The next day Fox heads to Wolf’s den to play, excited to see if he is shiny like a star, but Wolf isn’t there. Fox searches all day but cannot find his friend so he heads up in to the mountains and pulls the stars down from the sky. He wraps them around himself like a blanket, but still Wolf does not come.
Anxiety is one of the most common mental health conditions experienced by children but it can be a difficult topic to discuss with someone who is too young to put their feelings in to words. This book uses the metaphor of a monster, albeit a friendly yellow one, to help kids understand.
At the start of the story a young boy introduces his monster and explains that it has been around for as long as he can remember. It’s large, loud and bossy, and it often gets in his way when he’s trying to enjoy himself. When his parents are around the monster hides so he doesn’t feel like he can talk to them about it, but he really wishes it would go away.

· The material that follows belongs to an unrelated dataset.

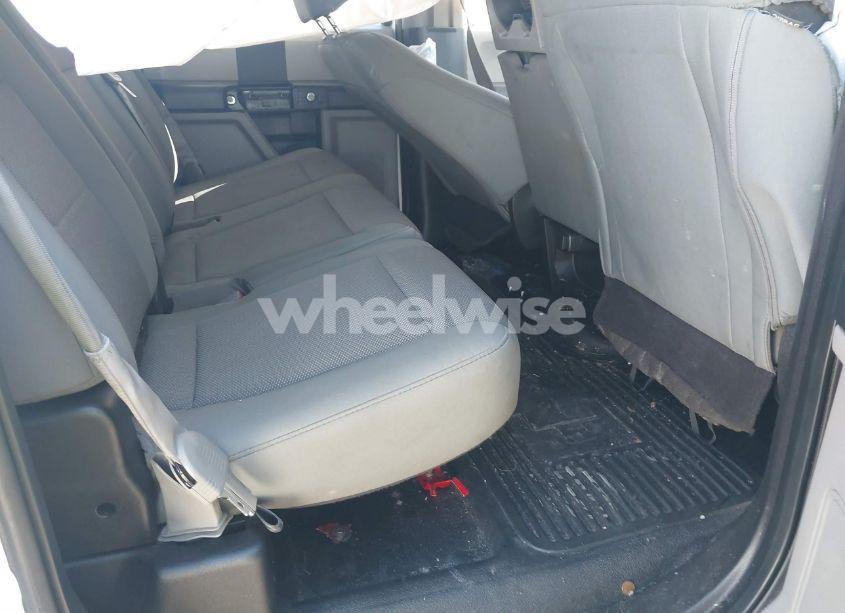 Photo 8 of 2019 Ford F-250 XL (VIN 1FT7W2BT6KEC91075)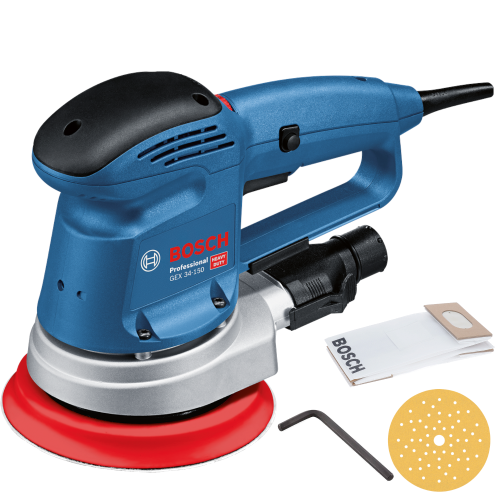 BOSCH Szlifierka mimośrodowa 34-150 AC 601372800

One day it all becomes too much and he opens his heart to his grandmother. In tears, he tells her all about the intolerable monster and how it just won’t leave him alone – but as he talks, something special happens. The monster starts to shrink! As the words tumble from his mouth the monster gets smaller and smaller until eventually he can pick it up and pop it in his pocket. Although he knows the monster will always be there, the little boy now knows that he is in control rather than the other way around.
I love a book which isn’t afraid to ask the big questions, and this book asks the biggest of them all – why on earth are there so many books about bears? The rather genius story brings together some of the greatest animal minds in the world to try and come up with an answer.
The ‘summit’ takes place in the hallowed hall at Mollusc College in Oxford and is attended by William Snakespeare (a snake), Albert Swinestein (a pig), some PhDs (porcupines, hedgehogs and dragons with spines), Newton (a newt), Mary Shelley (a snail) and Trevor (an unassuming little mouse).
Many theories are put forward. Is it because ‘bear’ rhymes with so many good words? Is it because bears come in a handy variety of sizes? Or could it be because, with clothes on, bears look a lot like people?